Al primer ministro turco le gustaría pasar a la Historia como el Ataturk del siglo XXI, pero se enfrenta a un 2014 electoral con demasiados problemas
El escándalo de corrupción ha sido la puntilla del que ha sido, sin duda, el Annus Horribilis del primer ministro turco, Recep Tayyip Erdogan. Después de casi once años manejando las riendas de tan estratégico e importante país sin apenas oposición, Erdogan sufrió en verano su primer varapalo popular. Su plan de construir un centro comercial en una céntrica plaza de Estambul desencadenó protestas similares a las de la Primavera Árabe.
Aquel estallido de ira se diluyó rápidamente por falta de motivos relevantes, pero constituyó una seria llamada de atención. Aunque nada tiene que ver el caso turco con las décadas de tiranía que sufrían Túnez, Libia o Egipto, quedó claro que una parte de la sociedad rechaza la deriva autoritaria del primer ministro, paralela a la paulatina islamización impuesta por su partido a una sociedad orgullosa durante décadas de su laicismo.

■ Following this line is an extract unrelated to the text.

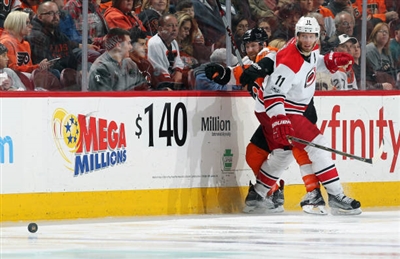 Claude Giroux Poster 3530546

Los planes de futuro de Erdogán
Aun así, con una oposición fragmentada y débil, Erdogán tenía por delante un futuro prometedor como gobernante de Turquía. Con dos posibilidades: una, intentar convertirse en agosto de 2014 en el primer presidente turco elegido en las urnas, con mucho más poder que el actual, según un nuevo sistema recientemente aprobado; y dos, forzar a su partido a modificar sus propias reglas y permitirle optar a un nuevo mandato como Primer Ministro en 2015.
En cualquier caso, cuestión de sueños, los planes a largo plazo de Erdogan incluyen mantenerse en el poder hasta el 2023, año en el que Turquía celebrará el primer centenario de la fundación de la república por Mustafa Kemal Atatürk tras la caída del imperio Otomano.
Corrupción a la turca
Pero en esto llegó la corrupción. Lo ocurrido en verano no es más que una anécdota en comparación con lo que acaba de conocerse. Un grupo de personas, algunas muy próximas a Erdogan, amañaban presuntamente con sobornos las licitaciones para la construcción de viviendas sociales. Un mercadeo millonario cuyo elemento más visible ha sido una caja de zapatos en la que el director de un banco estatal escondía 4,5 millones de dólares.
La detención de los hijos de tres de sus ministros ha forzado la dimisión de éstos y una profunda remodelación del Gobierno turco. La sociedad turca, tocada de nuevo, ha reaccionado con unas incipientes protestas callejeras que, en función de su intensidad, pueden trastocar profundamente los mencionados sueños del sultán Erdogan.
La vieja excusa del complot internacional
Hay dos pruebas claras de que Erdogan huele el peligro: por un lado, el dimitido ministro de Urbanismo asegura que el jefe del Gobierno estaba al tanto de los planes de vivienda objeto de la presunta corrupción y ha pedido públicamente su dimisión. Y dos, al malestar que le produjeron los primeros registros policiales reaccionó calificándolos de complot internacional contra el desarrollo del país. Una apelación al nacionalismo turco que esta vez puede resultarle vana.
Hablando de complot, sin embargo, entre las sombras aparece una figura, la de Fethula Gulen, un estudioso del Islám radicado en Estados Unidos que cuenta con muchos partidarios en la policía y la judicatura. Aunque su ideario político religioso no es muy diferente al de Erdogán, no sería extraño que su gente aprovechara las elecciones municipales de marzo para hacerse con puestos relevantes.
Está, por último, el actual presidente, Abdullah Gul, un anglófono al que The Economist considera mucho más capaz que Erdogan de manejar la situación tanto interna como externa. En ésta destaca la posible incorporación de Turquía a la Unión Europea. El objetivo sería 2023 y constituiría el mejor regalo para los turcos un siglo después del nacimiento de su país.